Темань застыла в скорбном ужасе. Душа рвалась в небо, по лучу-лестнице, следом за матушкой, но слово «государыня» пригвоздило её к земле. Государыня! Вот эта изящная светловолосая госпожа, державшая её на руках – Дамрад?!

– Не надо так пугаться, милая Темань, – ласково проговорила та, щекоча дыханием ей ухо. – Страшна я только тем, кто идёт против меня и нарушает законы, а такому дивному созданию, как ты, бояться нечего. Всё кончено, пора домой – отдыхать. Позволь, я отвезу тебя.

Луч-лестница, объятия туч, кровавая плаха и палач, страшный меч и «хрясь» – всё осталось позади, а Северга где-то потерялась... Лишь к ней рвалась Темань, только её звала надрывающимся в крике сердцем, а её уносили прочь и сажали в роскошную повозку, обитую изнутри красным бархатом.

– Моя супруга... Там...

– Не волнуйся, твоя супруга никуда не денется, – успокаивала Дамрад.

Она выговаривала слова чуть-чуть жеманно, как бы сквозь зубы, с обольщающей сладостью. Впрочем, с подчинёнными она общалась иначе – властно, чётко, коротко, хлёстко:

– Трогай! – Как удар кнута. И снова сладко и обволакивающе – Темани: – Прелестная моя, дивная, не плачь, умоляю... Твои слёзы – слишком драгоценная вещь. Я понимаю: для меня Раннвирд – преступница, а для тебя она всегда будет матушкой. Увы, она сама избрала свой путь. Безнадёжный, потому что все заговоры будут раскрываться неизбежно. Всегда.

– Северга, – плакала Темань, с тоской устремляя взгляд в оконце. – Я потеряла её в толпе...

– Да не беспокойся ты так о ней, – нежно мурлыкнула Дамрад, завладевая её рукой. – Найдётся, не иголка. Ни о чём не волнуйся, всё будет хорошо.

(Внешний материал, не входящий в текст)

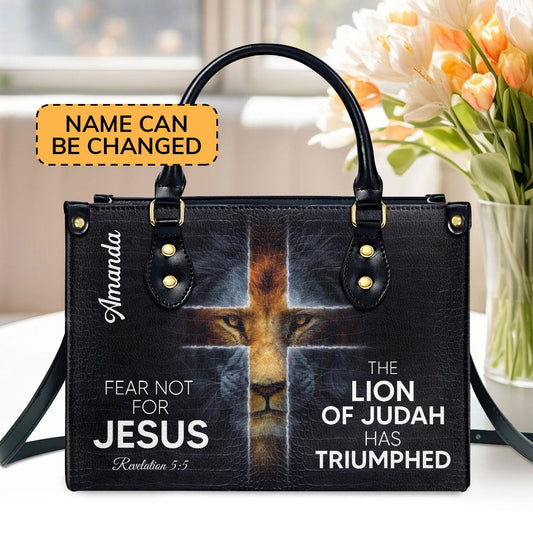 Personalized Christian Leather Bag, Must-Have Personalized Cross Leather Handbag - The Lion Of Judah Has Triumphed, Faith Handbag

– Умоляю, государыня, отпусти меня... – Темань отстранялась в угол сиденья от этих хищных глаз, от этого сладкого яда улыбки.

– О нет, не надейся просто так уйти от меня, – рассыпалась чувственным, бархатисто-низким смешком Дамрад. Её губы тепло щекотали руку Темани поцелуями. – Ни одна прелестная женщина ещё не ускользала от Владычицы Дамрад. Не надо, не надо бояться. Я уважаю твоё горе. Дай мне лишь полюбоваться тобою, чаровница.